Alright, bare with me here a bit, I'm still somewhat new at speaker setups. So, the stereo plug would go to the amp correct? Would this whole speaker setup be plug and play or do I have to wire it up?


----------



## pwnt by pat (Oct 21, 2005)

*Re: Carputer And Speakers. (Chris164935)*

Those little adapters would plug into the computer speaker output. Then you would run RCA's to the amplifier. The amplifier will have RCA inputs and speaker level outputs. You just wire the component set together as their directions show, set your gains following the link in my sig that says "car audio basics" and you're all set.


----------



## Chris164935 (Jan 10, 2004)

*Re: Carputer And Speakers. (pwnt by pat)*


_Quote, originally posted by *pwnt by pat* »_Those little adapters would plug into the computer speaker output. Then you would run RCA's to the amplifier. The amplifier will have RCA inputs and speaker level outputs. You just wire the component set together as their directions show, set your gains following the link in my sig that says "car audio basics" and you're all set.
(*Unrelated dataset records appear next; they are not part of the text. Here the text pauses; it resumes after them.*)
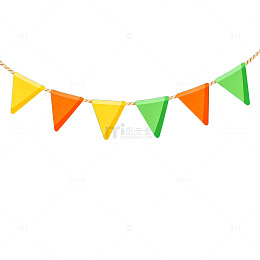 彩色三角旗装饰背景图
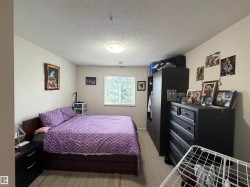 Carpeted bedroom featuring a double-paned window with horizontal blinds, a flush mount ceiling light, and light-toned walls - 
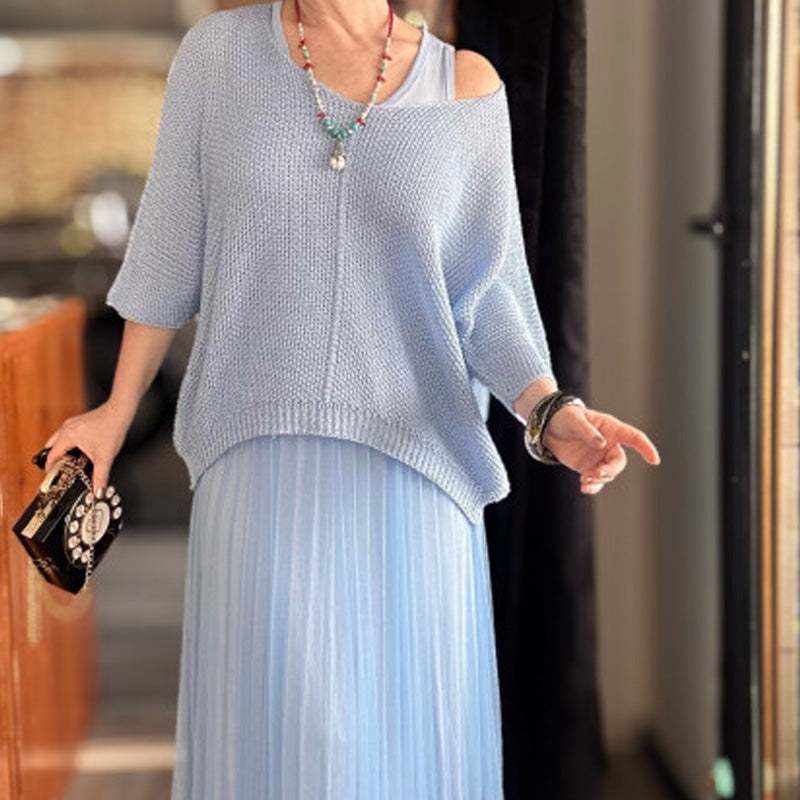 Ensemble chic composé d'une robe gilet et d'un haut cache-cœur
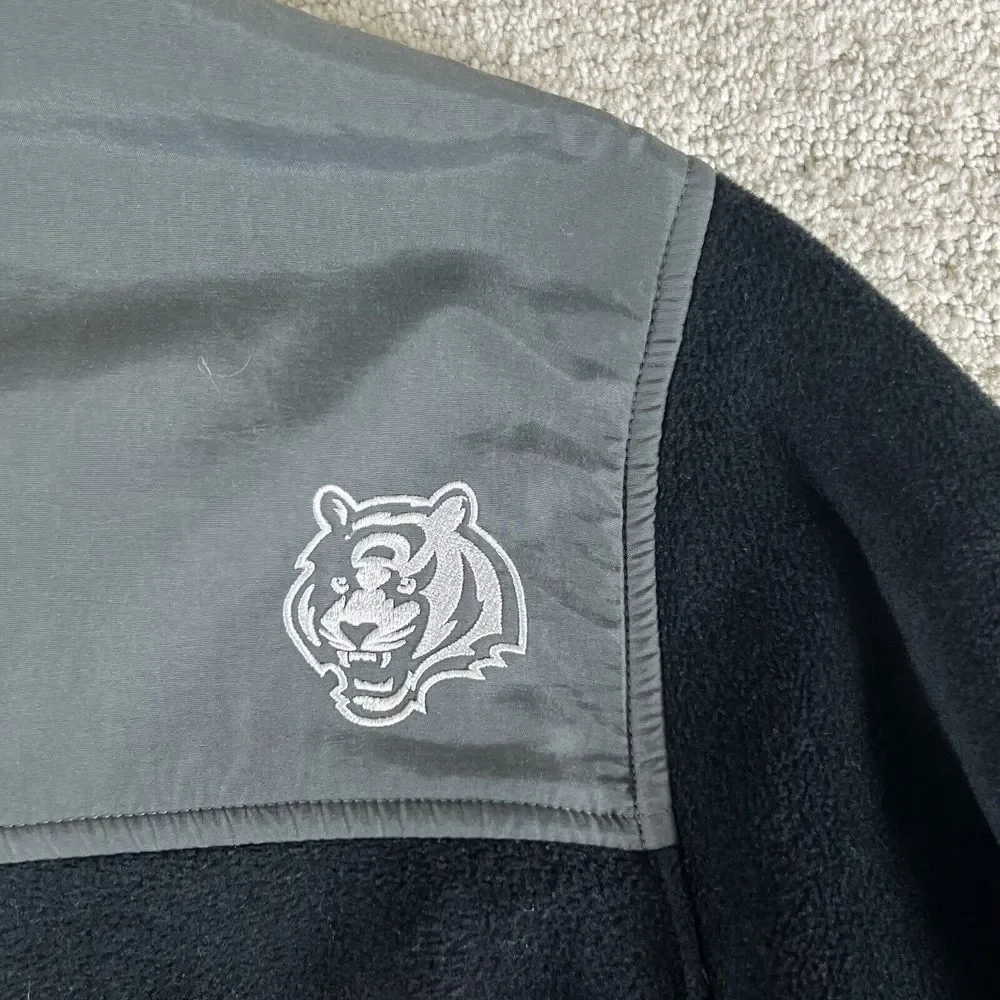Reebok Men's Large Cincinnati Bengals Gray Black Full Zip Fleece Full Zip Jacket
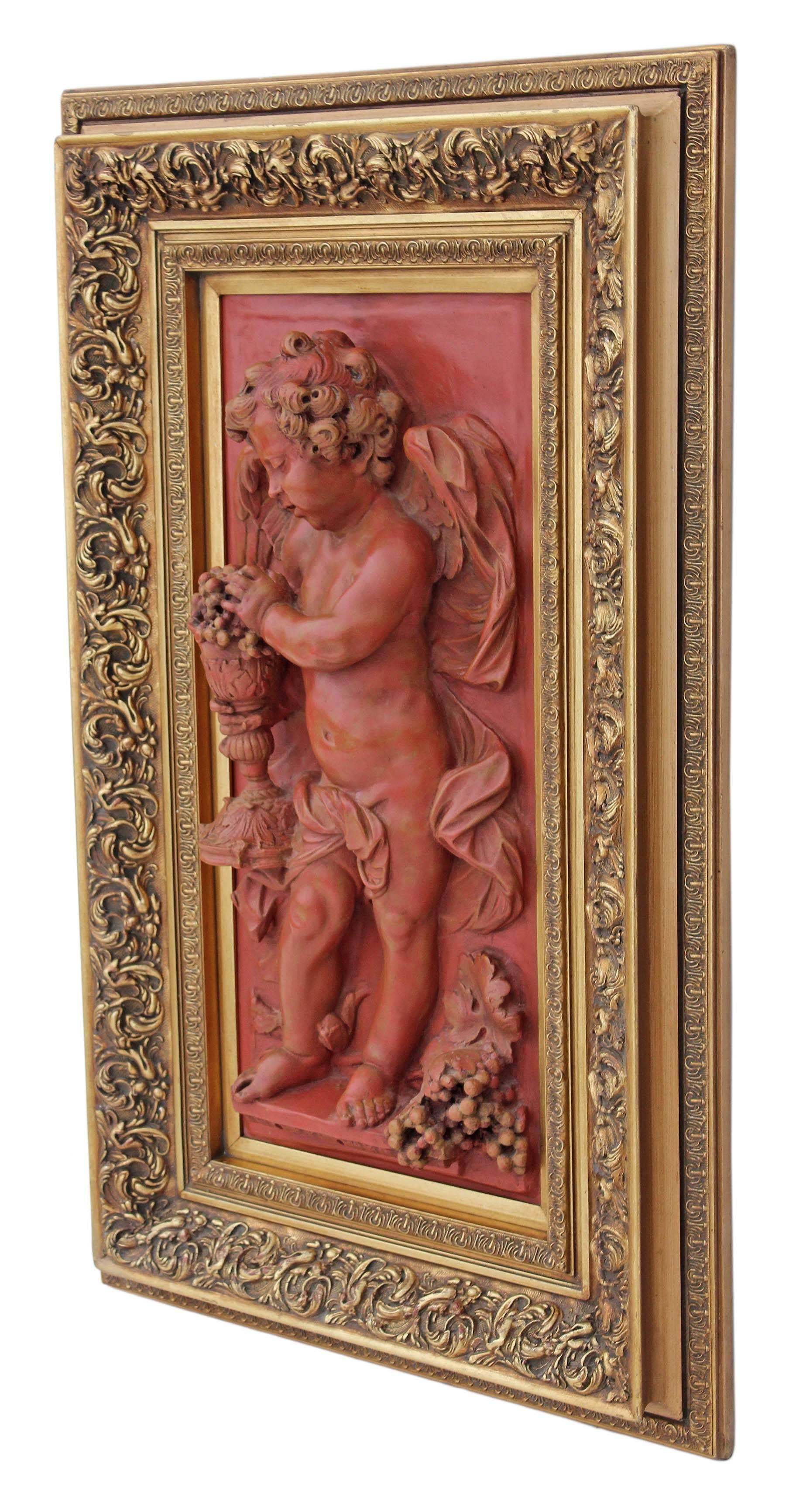 Antique large contemporary statue work of art angel relief sculpture or plaque.

We are unsure of the exact age (artist unknown), but suspect that it was constructed in the last 20 years.

The piece is heavy with a quality feel. The angel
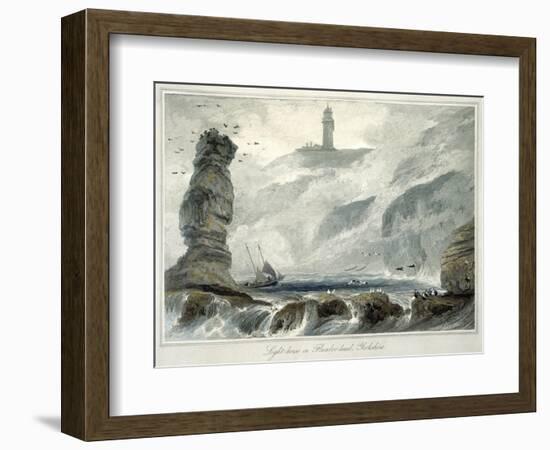 'Lighthouse on Flamborough Head', Yorkshire, 1822-William Daniell-Framed Giclee Print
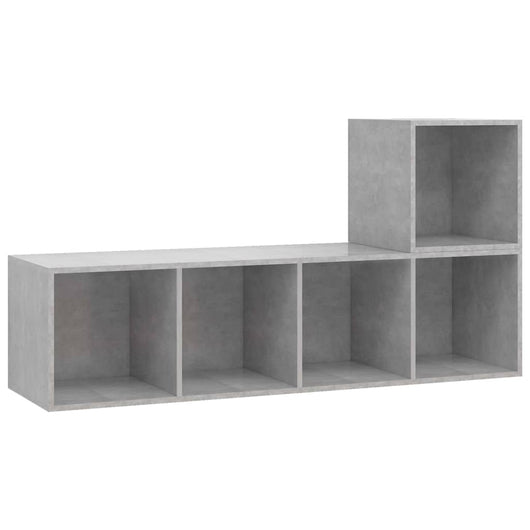 Set Porta TV 2 pz-Set di 2 Credenza per TV Grigio Cemento in Truciolato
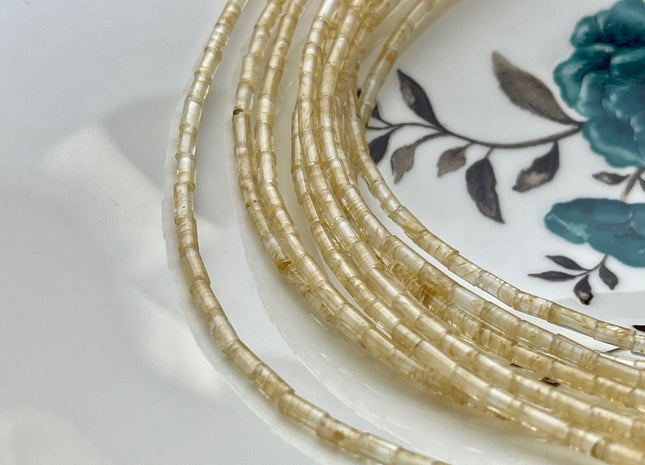 2x4 mm Tube Shape Watermelon Quartz Gemstone Beads Genuine Gold Color Quartz Gemstones Loose Spacer Beads 15.5 Inches Strand #3934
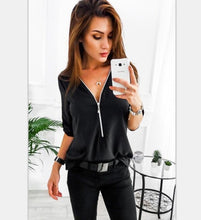 Load image into Gallery viewer, European new fashion women V-neck zipper t shirt girl casual pink red five-point sleeve shirts ladies summer large size tops
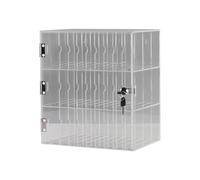 JIAOCKJIAO Coffret de Rangement pour Téléphone Portable en Acrylique Transparent avec Compartiments, Armoire Rangement avec Serrure Et Portes, Support Mural Portable(75Grids)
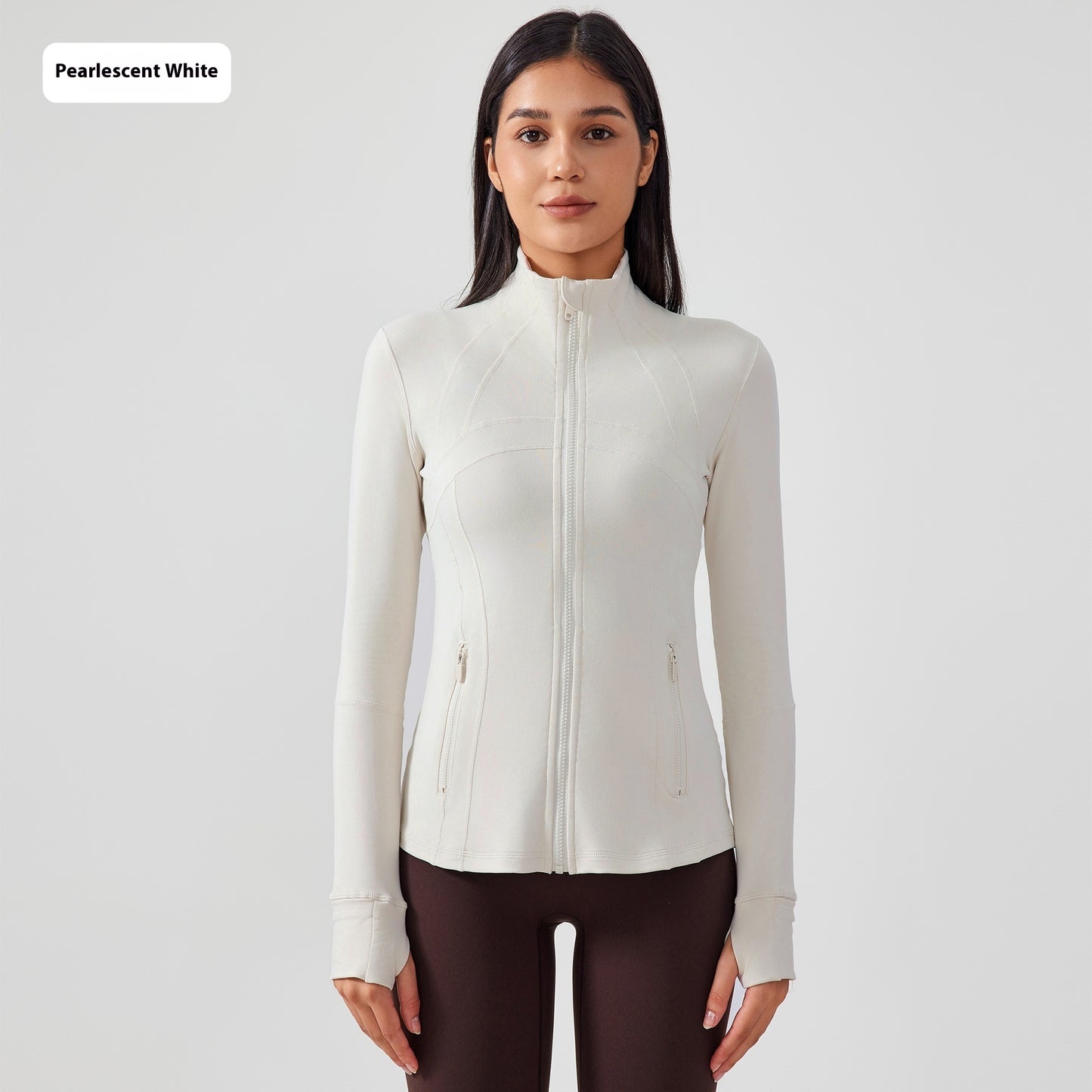 Janet – Veste de Sport Élastique avec Fermeture Éclair pour Yoga et Fitness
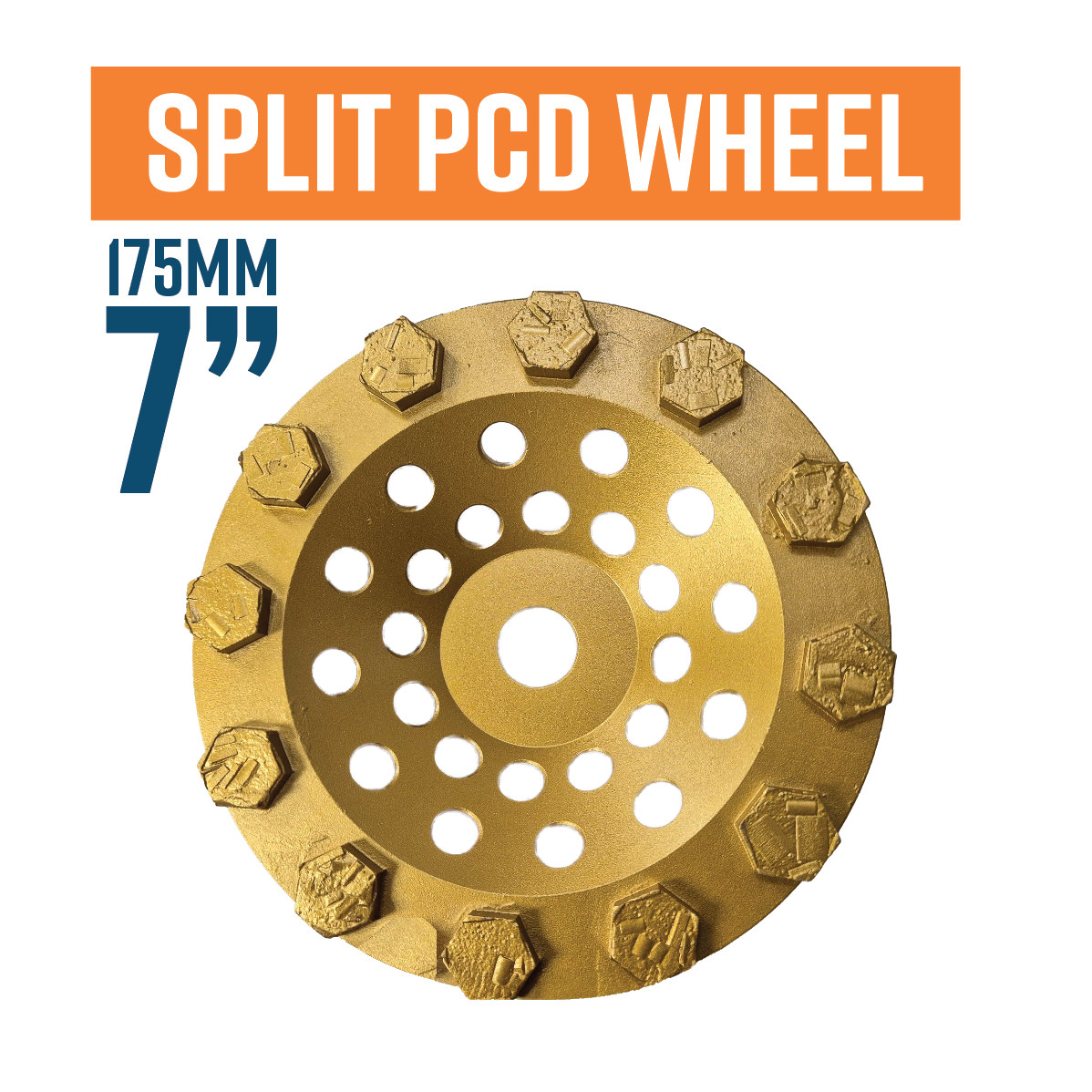 SPLIT PCD Cup Wheel - 12 Seg - 175mm 7"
Okay. I was thinking of something else. So, then I would wire up the driver door tweeter and speaker to one channel on the amp and the passenger door tweeter and speaker to another channel on the amp? Basically, I'm trying to figure out how I should wire the tweeters into the whole scheme.


----------



## pwnt by pat (Oct 21, 2005)

*Re: Carputer And Speakers. (Chris164935)*

tweetwers and woofers get wired to the crossover that comes with the kit. The crossover then gets wired to the amp (like a speaker would)


----------



## PhReE (Sep 16, 2004)

*Re: Carputer And Speakers. (pwnt by pat)*

2 ways to do this. With one amp or two. (I will only show the fronts, but the rear is exactly the same.)
You can use aline level crossover, and split it from the pc to high and low and then into the amps, or get a speaker level crossover and run from pc to amp to crossover to spekers. Like:
Mono Amp (less complicated, less expensive)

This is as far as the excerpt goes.